● What is required: Go through the listing below and retype exactly the lines starting at the one with "was ist intervallfasten" and ending at the one with "Volumen especifico-temperatura (pvT)", skipping pictures.

● Material shown:
******************************
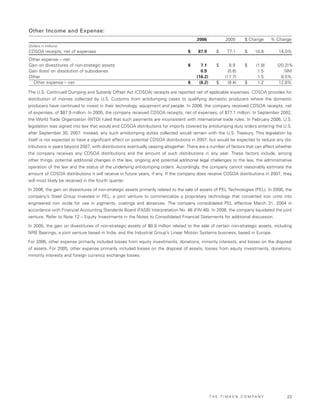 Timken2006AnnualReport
******************************
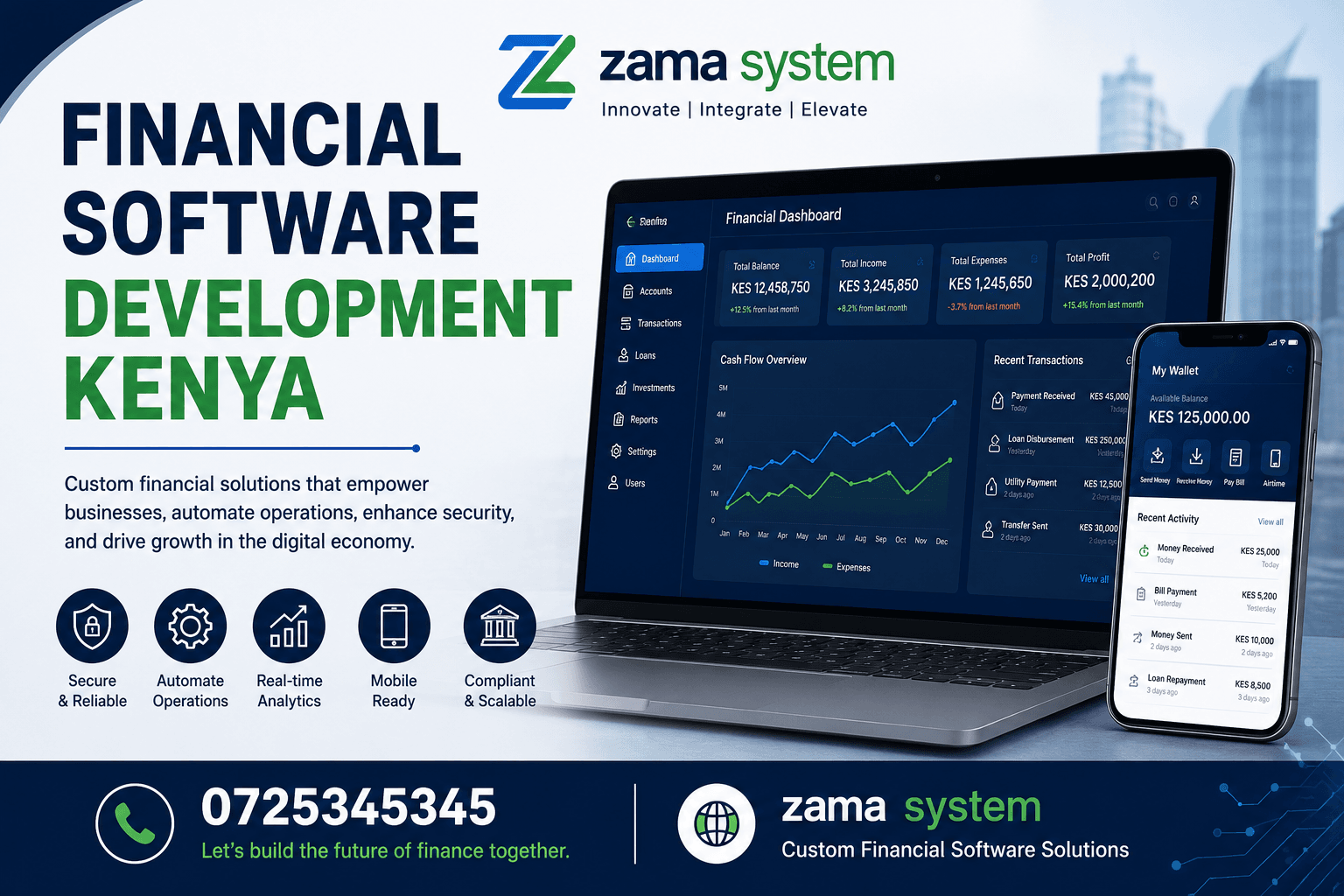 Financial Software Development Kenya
******************************
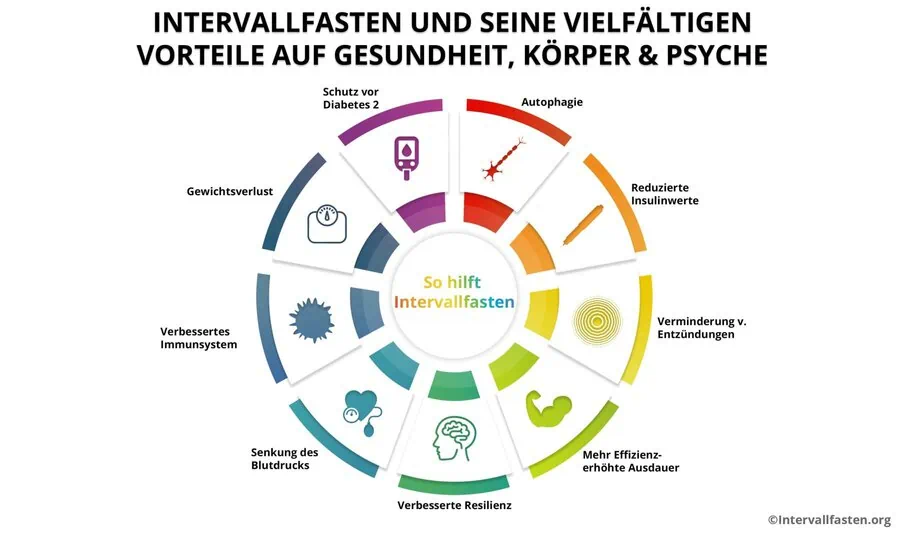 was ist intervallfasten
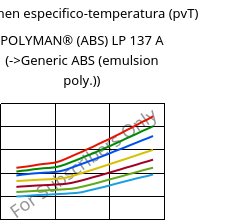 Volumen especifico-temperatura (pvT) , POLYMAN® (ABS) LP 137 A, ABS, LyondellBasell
******************************
● Reply:
 was ist intervallfasten
 Volumen especifico-temperatura (pvT) , POLYMAN® (ABS) LP 137 A, ABS, LyondellBasell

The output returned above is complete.